- Task to complete: Find "Now we have" below and begin at its line; stop after the line with "The second citation". Output those lines exactly, without pictures.
START Material for this task
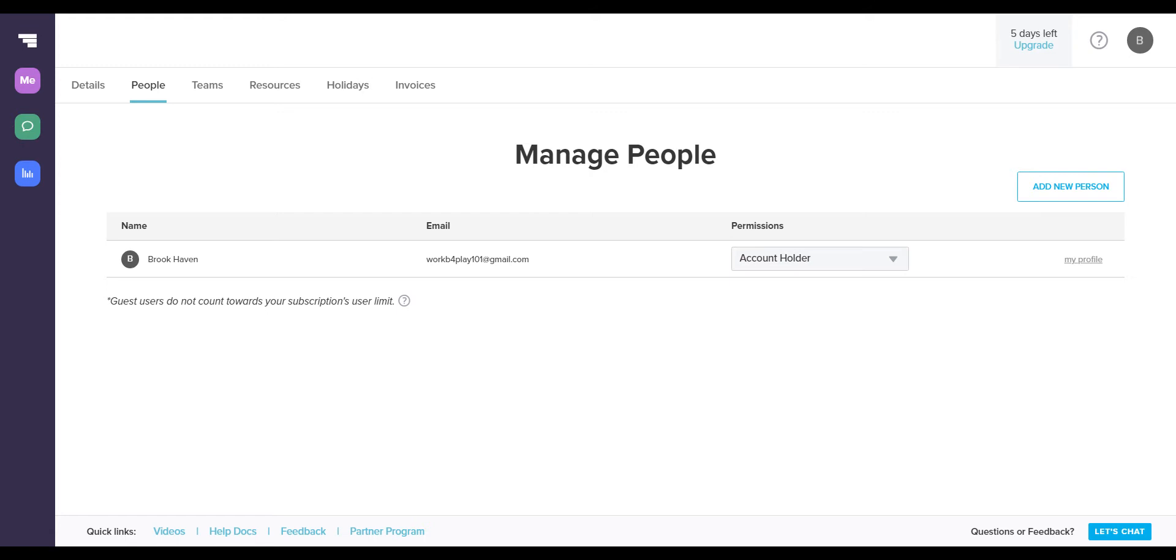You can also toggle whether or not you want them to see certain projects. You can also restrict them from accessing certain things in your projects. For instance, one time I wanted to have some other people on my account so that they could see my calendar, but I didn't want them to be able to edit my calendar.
END Material for this task
START Material for this task
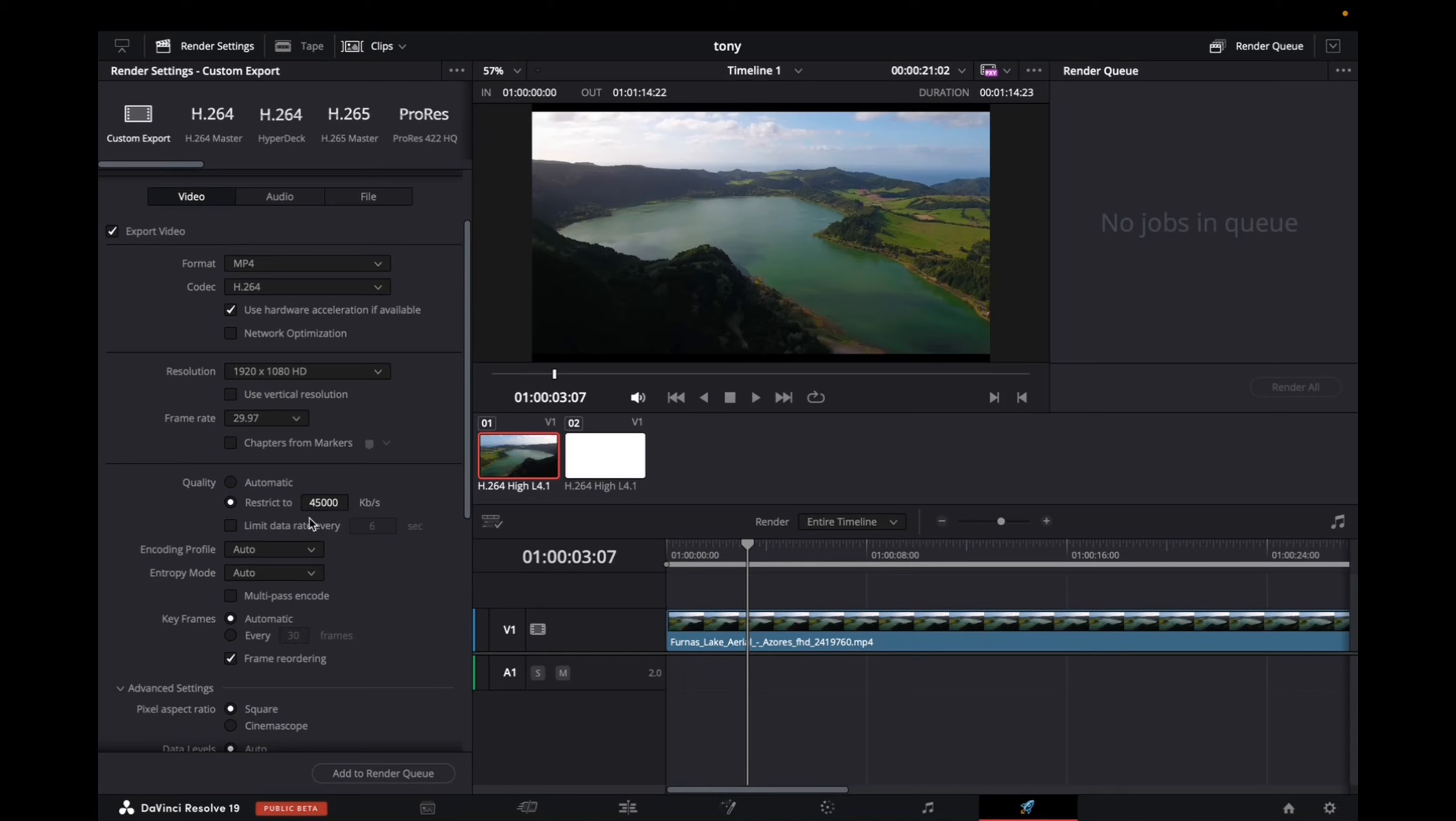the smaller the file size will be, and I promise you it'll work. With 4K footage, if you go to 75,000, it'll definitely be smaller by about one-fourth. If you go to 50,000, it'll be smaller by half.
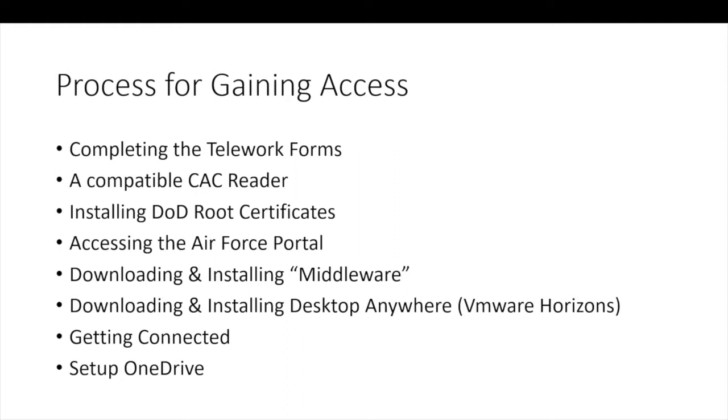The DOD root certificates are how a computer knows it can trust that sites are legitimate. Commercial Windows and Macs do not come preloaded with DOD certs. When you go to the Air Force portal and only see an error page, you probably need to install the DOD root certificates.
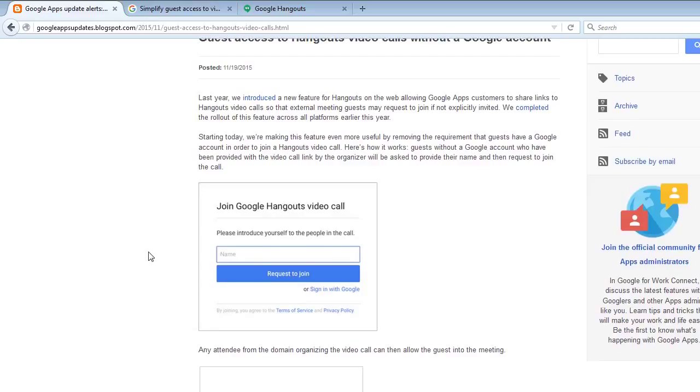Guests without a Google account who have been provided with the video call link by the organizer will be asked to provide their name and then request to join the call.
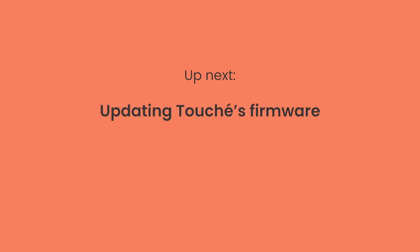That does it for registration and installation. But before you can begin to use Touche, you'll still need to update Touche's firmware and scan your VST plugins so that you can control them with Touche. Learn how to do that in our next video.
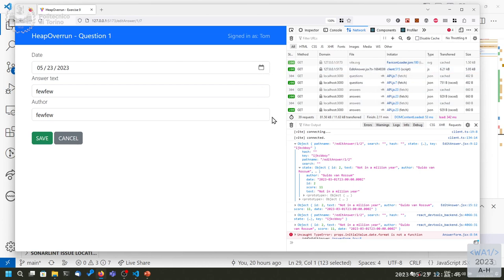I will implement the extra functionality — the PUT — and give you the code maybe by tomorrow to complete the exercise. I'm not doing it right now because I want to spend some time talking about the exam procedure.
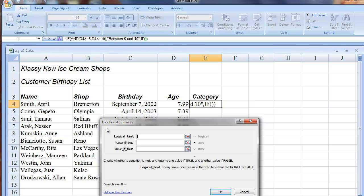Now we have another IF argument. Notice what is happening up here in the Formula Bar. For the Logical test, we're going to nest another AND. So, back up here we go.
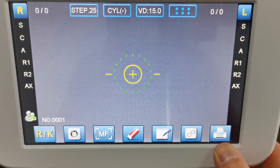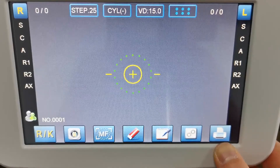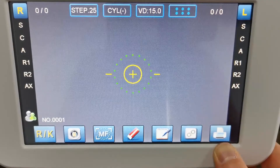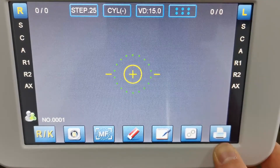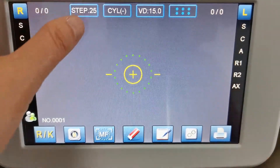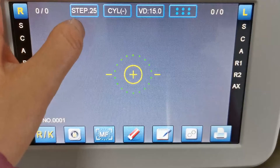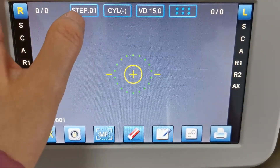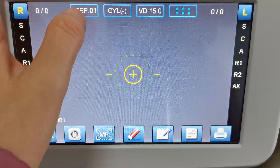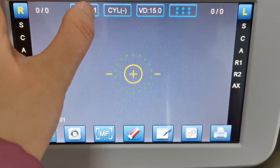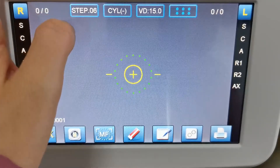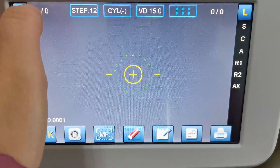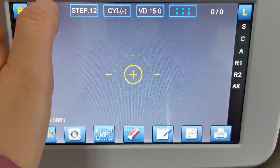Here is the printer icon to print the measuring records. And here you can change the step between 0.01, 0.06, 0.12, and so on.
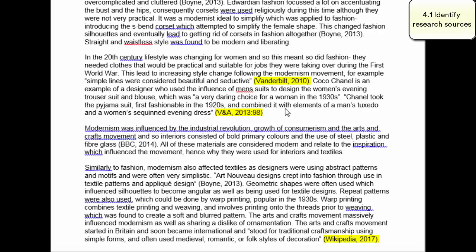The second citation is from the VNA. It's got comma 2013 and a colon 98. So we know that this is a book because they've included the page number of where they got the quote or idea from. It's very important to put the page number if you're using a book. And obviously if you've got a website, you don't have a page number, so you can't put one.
END Material for this task
- Your solution:
Now we have another IF argument. Notice what is happening up here in the Formula Bar. For the Logical test, we're going to nest another AND. So, back up here we go.
Here is the printer icon to print the measuring records. And here you can change the step between 0.01, 0.06, 0.12, and so on.
The second citation is from the VNA. It's got comma 2013 and a colon 98. So we know that this is a book because they've included the page number of where they got the quote or idea from. It's very important to put the page number if you're using a book. And obviously if you've got a website, you don't have a page number, so you can't put one.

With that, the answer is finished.